Test smiled. If only he knew, he thought.
“A fire huh?” he replied aloud.
“That’s right, a fire; you’re not lettin’ nothin’ get in your way. You push through obstacles and sometimes fly past your original goal. Yes sir, you’ve got a fine shine, son; a fine shine. You just keep pushin’ like you know how, and this will pass as well,” said Cliff with a wink.
“Thank you, sir,” replied Test, surprised at the realization that he was feeling much better.
Cliff looked out the window and noticed a white cargo van pulling into the parking lot. He looked at his watch. It was three o’clock in the morning.
“Ah, right on time. My favorite part of the mornin’,” said Cliff as he looked back down to Test with a smile. “Let me freshen up your coffee, son.”
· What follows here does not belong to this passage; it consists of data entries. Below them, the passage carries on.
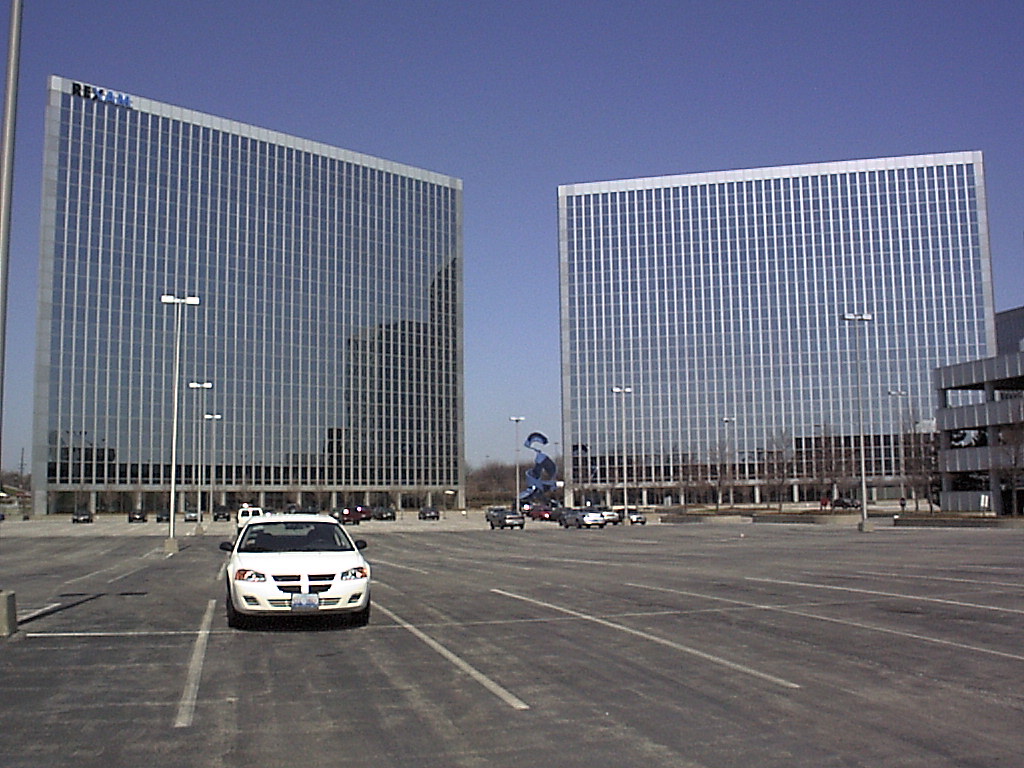 EMC Chicago, located on 10th to 12th floor (and my Dodge in front)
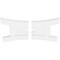 Ekena Millwork Haven Architectural Grade PVC Ceiling Medallion, 40"W x 26 5/8"H x 3"ID x 8 3/4"C x 1"P, Two-Piece CMP40X26HN2-03000 - alternate 2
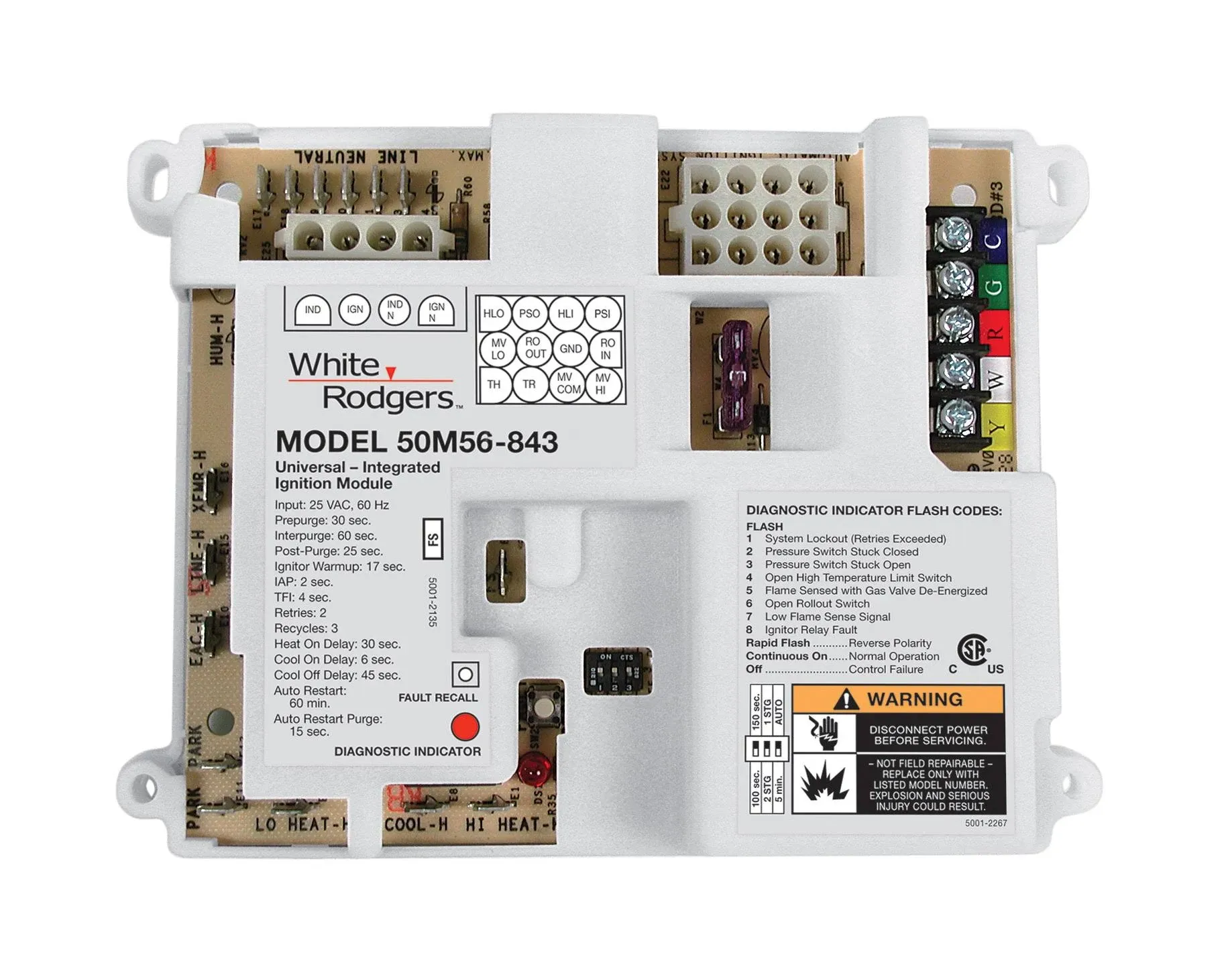 White Rodgers Universal Furnace Control Module Kit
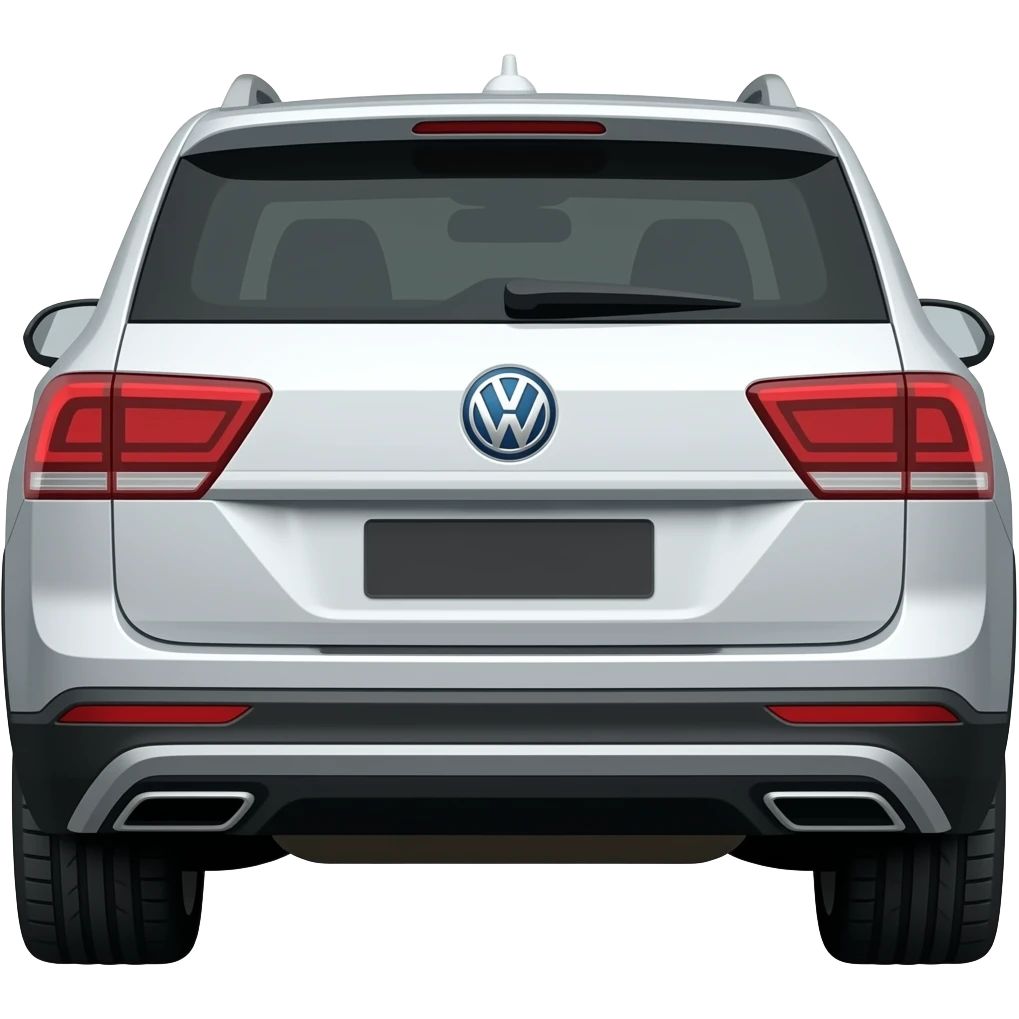 2022 silver volkswagen atlas top/side view emoji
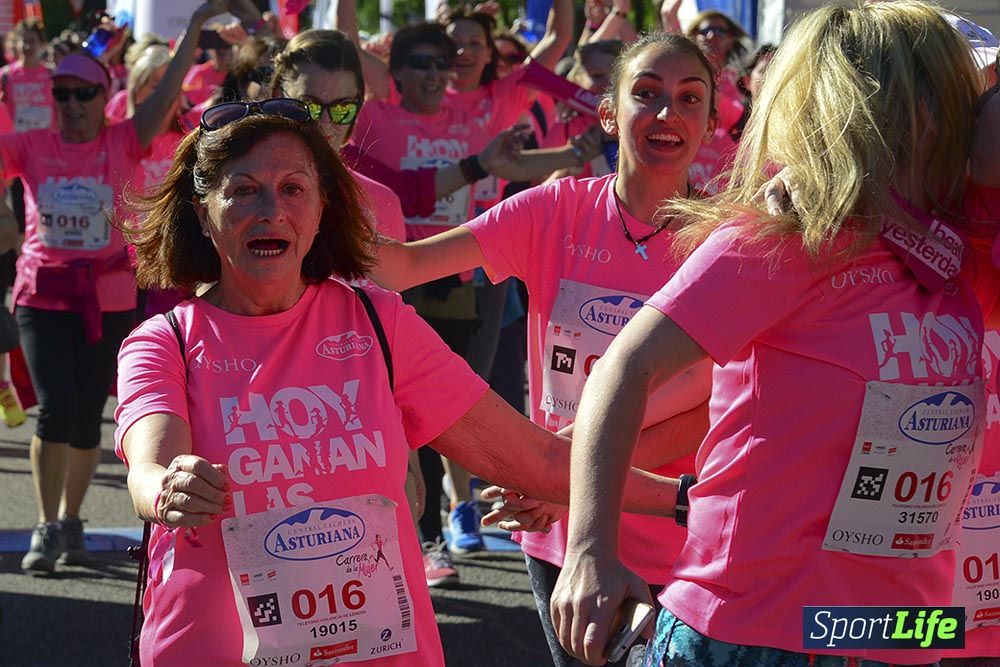 Carrera de la Mujer Madrid: arco izquierdo, desde 1h13 hasta 1h23'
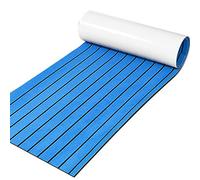 Ujjdwiurgh Mousse Teck Decking EVA Mousse Marine Plancher Faux Bateau Decking Feuille Accessoires Marine Bleu 450X2400Mm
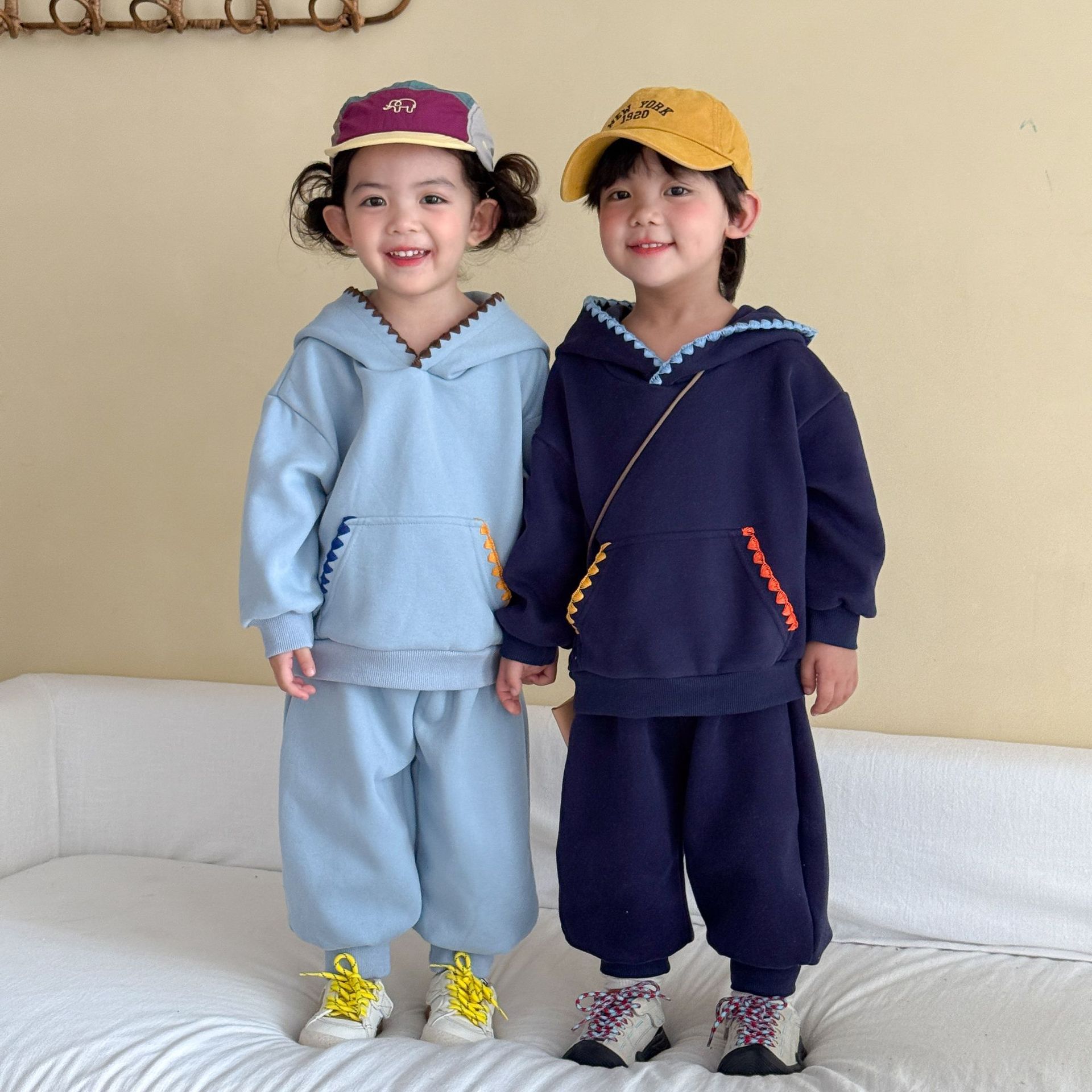 Running Gear For Kids - 2026 Sonbahar Yeni Çocuklar Uzun Kollu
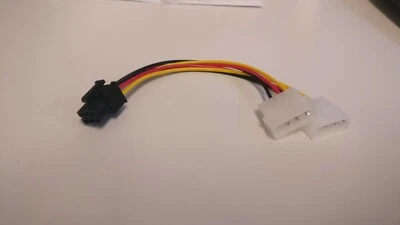 2x 4 Pin Molex/IDE weiblich auf 6 Pin PCI Express (PCI-E) weiblich Stromadapter - Bild 1 von 4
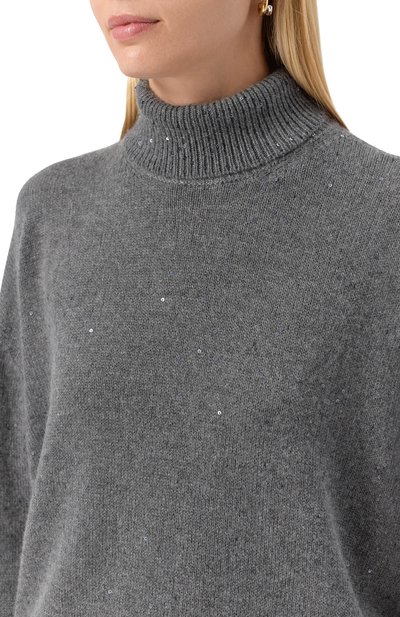 Свитер из кашемира и шелка BRUNELLO CUCINELLI, арт. M73539914, фото 5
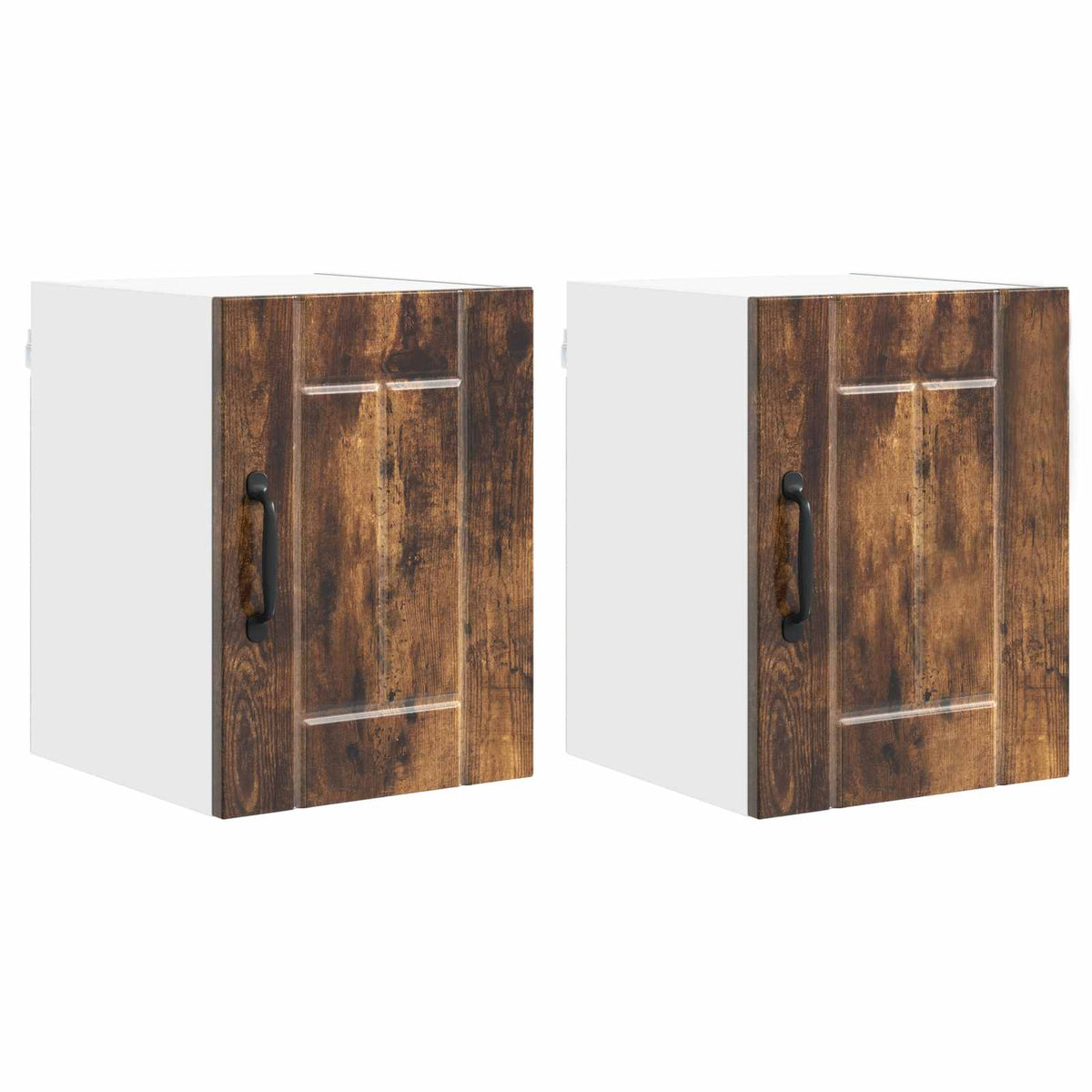Armadietto a muro LUCCA 2 pz Rovere Fumo Legno ingegnerizzato - homemem39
“That would be great,” replied Test.
As Cliff walked to the coffee pots, the front door opened, and the bells rang. In walked a long-haired thirty-year-old man wearing a hat that reminded Test of something a golfer would wear. Test stared at the man’s long graying beard and small round glasses, wondering what planet this guy was from. And then the two of them made eye contact. The bearded man froze and stared awkwardly. Test quickly looked out the window, trying to hide the fact that he had been staring, and could see the man’s reflection. He remained frozen, and his eyes locked on Test. Uncomfortable and confused, Test struggled to keep his composure. He couldn’t recall ever seeing him before, but the man looked at him as if he knew who he was. Startled by Cliff’s sudden appearance, Test jumped.
“Mornin’, Jacob,” said Cliff as he put Test’s fresh cup of coffee down on the table.
“Good morning, Cliff,” replied Jacob, not taking his eyes off Test.
Cliff looked strangely at Jacob and then down to Test.
“Anything good in there this mornin’?” he asked.
Stepping sideways towards the door, Jacob replied in a nervous and hurried voice, “I gotta go, Cliff. I’ll see you tomorrow.” Without waiting for a reply, he quickly turned and walked briskly out the front door.
“He’s kind of a strange guy, huh, Cliff?” asked Test.
“Nah, he’s all right. Somethin’s got him spooked. He ain’t normally like that,” replied Cliff.
Test looked out the window, expecting to see the van flying out of the parking lot. Instead, the van remained sitting where it had been parked. Inside, he could see Jacob talking on the phone.
Cliff walked over to the pile of papers that Jacob had inexplicably left on the floor. He bent down slowly, knees crackling, and picked them up.
“Don’t know what’s got into him,” said Cliff, groaning as he lifted the papers to the counter. “I hope he . . .”
He froze as he examined the front page.